> **Goal of the exercise**
Once you find the line with "Aerial view of" in the listing below, set down exactly every line from it through the line with "TR414 tiges de", but no pictures.

> **Records provided**
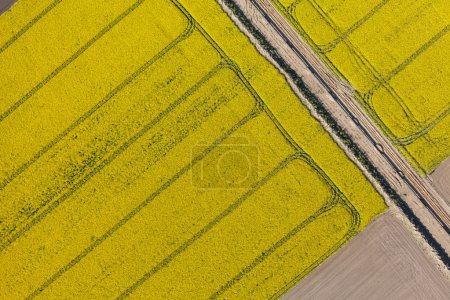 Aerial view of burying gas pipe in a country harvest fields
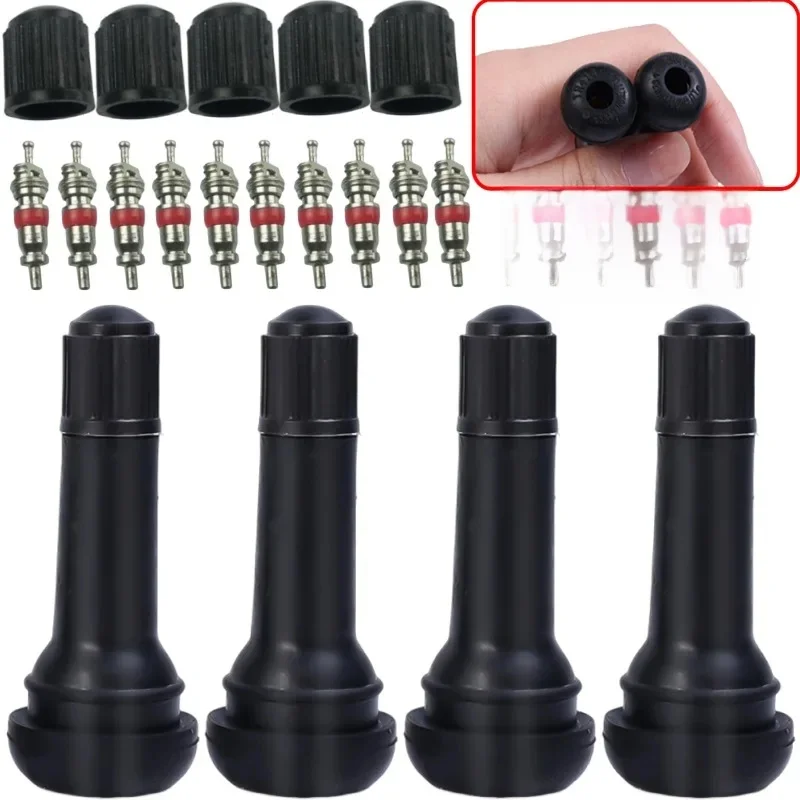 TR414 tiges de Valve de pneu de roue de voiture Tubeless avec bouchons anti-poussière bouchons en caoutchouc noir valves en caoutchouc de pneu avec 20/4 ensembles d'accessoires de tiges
--
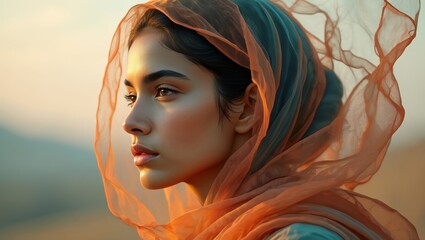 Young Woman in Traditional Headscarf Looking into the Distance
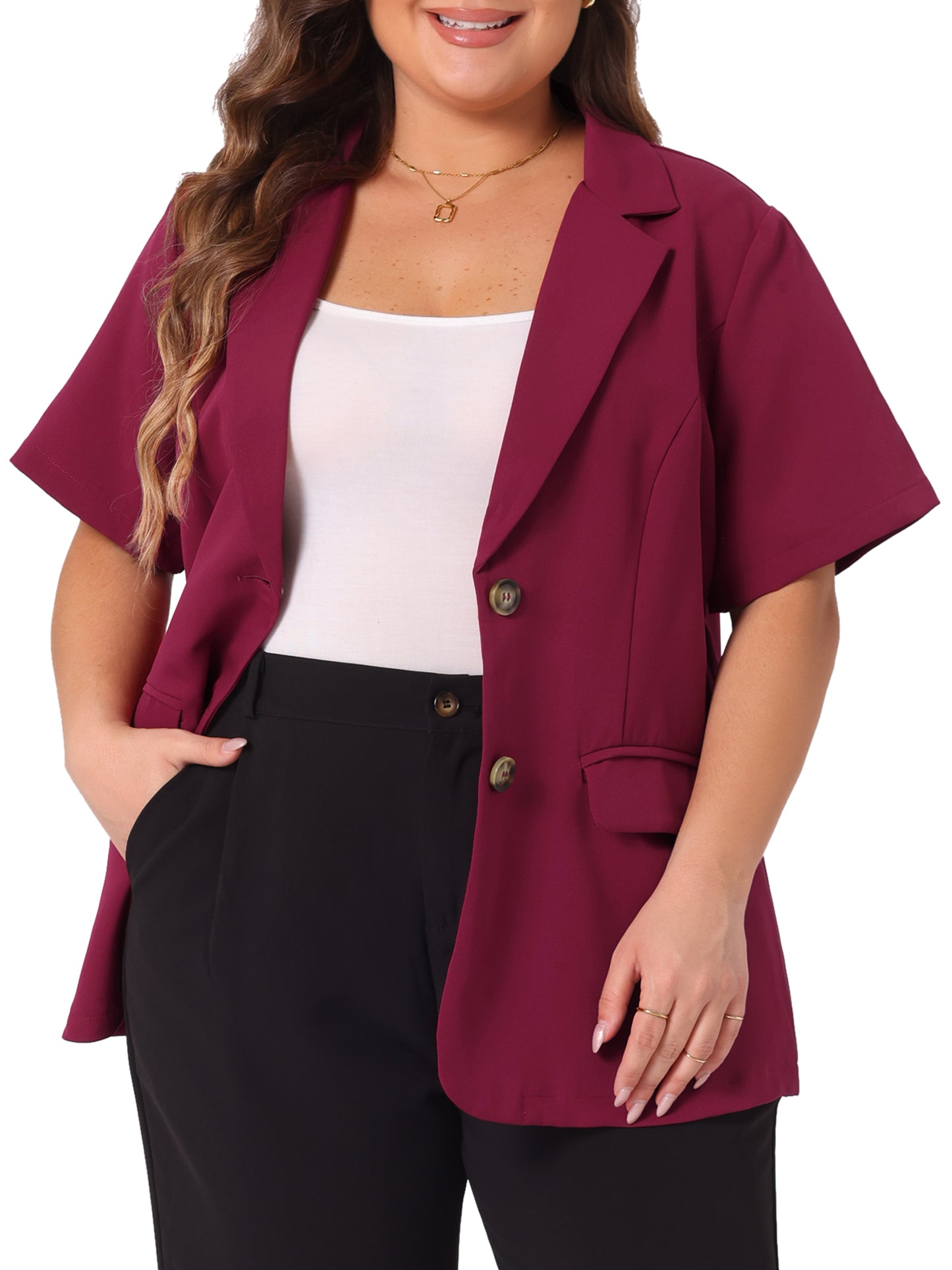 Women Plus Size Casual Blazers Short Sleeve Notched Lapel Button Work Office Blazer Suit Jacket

> **Reply**
 Aerial view of burying gas pipe in a country harvest fields
 TR414 tiges de Valve de pneu de roue de voiture Tubeless avec bouchons anti-poussière bouchons en caoutchouc noir valves en caoutchouc de pneu avec 20/4 ensembles d'accessoires de tiges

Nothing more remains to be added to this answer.